Robert Lindneux (1871 — 1970) was an American painter from Denver, Colorado. He did paintings of the Old West, including Native Americans like Quanah Parker and pioneers like Buffalo Bill.

==Early life==
 In the 1860s, the family came to America, ultimately settling in New York City. Lindneux was born in 1871 and was educated in Paris, London and Germany. He was a first-generation American, as both his parents were immigrants from France.

==Career==
Lindneux became a painter in Europe. He exhibited his work in Paris in 1893. He returned to the United States, and he decided to move to Colorado and paint the American West in 1900. He traveled to Montana, Wyoming and South Dakota to do paintings of Native Americans. For example, he did a portrait of Quanah Parker, the leader of the Comanche nation.
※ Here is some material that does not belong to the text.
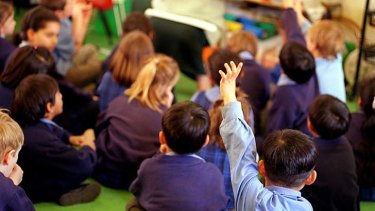 Early starters ... parents in Sydney's south-west are more likley to send their children to school at a younger age compared to parents in more addluent northern suburbs.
Lindneux used both charcoal and oil. In the 1900s, he taught Charles M. Russell how to use oil, and the two men painted together in Russell's studio in Great Falls, Montana. Lindneux did paintings of American pioneers like Buffalo Bill, and he exhibited his work at the Gilcrease Museum in Oklahoma. According to the Kansas City Times, he became known as "the last of the great cowboy artists."

==Personal life and death==
With his wife, Lindneux had a daughter, Marcella. They resided in Denver, Colorado.

Lindneux died in 1970 in Denver, Colorado, at age 98. The vast majority of his work was sold by his daughter to Orville and Polly Clevenger, who exhibited their collection at West Texas State University in 1982.